How severe does this issue affect your experience of using Ray?
- Low/Medium: It contributes to significant difficulty to complete my task, but I can work around it.
I have a basic MultiAgentEnv
that runs fine with PPO.train() (or so it appears, I’m still learning Ray) but fails with tune.Tuner.fit(). The error is:
ValueError: The two structures don't have the same nested structure.
First structure: type=ndarray str=[0.1 0. ]
Second structure: type=OrderedDict str=OrderedDict([('agent_0', array([ 8.450692e+17, -5.816952e+16], dtype=float32)), ('agent_1', array([-7.0000346e+17, -9.6193201e+17], dtype=float32)), ('agent_2', array([-5.5688862e+17, 7.0265260e+17], dtype=float32)), ('agent_3', array([6.6857392e+17, 8.4390335e+17], dtype=float32)), ('agent_4', array([2.0008603e+17, 1.2134728e+17], dtype=float32)), ('agent_5', array([3.9633845e+17, 7.5621022e+17], dtype=float32)), ('agent_6', array([ 8.7897234e+17, -3.4141877e+17], dtype=float32)), ('agent_7', array([-3.0604514e+17, 3.4147052e+17], dtype=float32)), ('agent_8', array([-6.072403e+17, -9.624188e+17], dtype=float32)), ('agent_9', array([-4.1622738e+17, -5.9749262e+17], dtype=float32))])
More specifically: Substructure "type=OrderedDict str=OrderedDict([('agent_0', array([ 8.450692e+17, -5.816952e+16], dtype=float32)), ('agent_1', array([-7.0000346e+17, -9.6193201e+17], dtype=float32)), ('agent_2', array([-5.5688862e+17, 7.0265260e+17], dtype=float32)), ('agent_3', array([6.6857392e+17, 8.4390335e+17], dtype=float32)), ('agent_4', array([2.0008603e+17, 1.2134728e+17], dtype=float32)), ('agent_5', array([3.9633845e+17, 7.5621022e+17], dtype=float32)), ('agent_6', array([ 8.7897234e+17, -3.4141877e+17], dtype=float32)), ('agent_7', array([-3.0604514e+17, 3.4147052e+17], dtype=float32)), ('agent_8', array([-6.072403e+17, -9.624188e+17], dtype=float32)), ('agent_9', array([-4.1622738e+17, -5.9749262e+17], dtype=float32))])" is a sequence, while substructure "type=ndarray str=[0.1 0. ]" is not
Entire first structure:
.
Entire second structure:
OrderedDict([('agent_0', .), ('agent_1', .), ('agent_2', .), ('agent_3', .), ('agent_4', .), ('agent_5', .), ('agent_6', .), ('agent_7', .), ('agent_8', .), ('agent_9', .)])
(PPO pid=16357) 2023-12-01 20:39:59,702 ERROR actor_manager.py:500 -- Ray error, taking actor 1 out of service. ray::RolloutWorker.apply() (pid=16362, ip=127.0.0.1, actor_id=9d3d30bad174b049a0aebe7f01000000, repr=<ray.rllib.evaluation.rollout_worker.RolloutWorker object at 0x1483ff0a0>)
The code is here in a simplified form.
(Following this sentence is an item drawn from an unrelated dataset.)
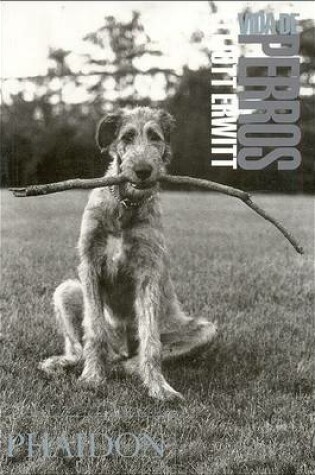 Cover of Vida de Perros / Dog Dogs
Up until line 275 is just setup and class definitions. PPO.train() is run on line 309. tune.Tuner.fit() is run on line 341. The error clearly indicates that tune.Tuner.fit() is comparing the observation output of a single agent to the observation of all agents but I’m not sure why and even more confusing, the exact same class works with PPO.train(). I’m not sure what the difference is between the two, but I’m guessing it has something to do with the way the MultiAgentEnv
is being used under the hood. Any help to get it working with tune.Tuner.fit() would be greatly appreciated!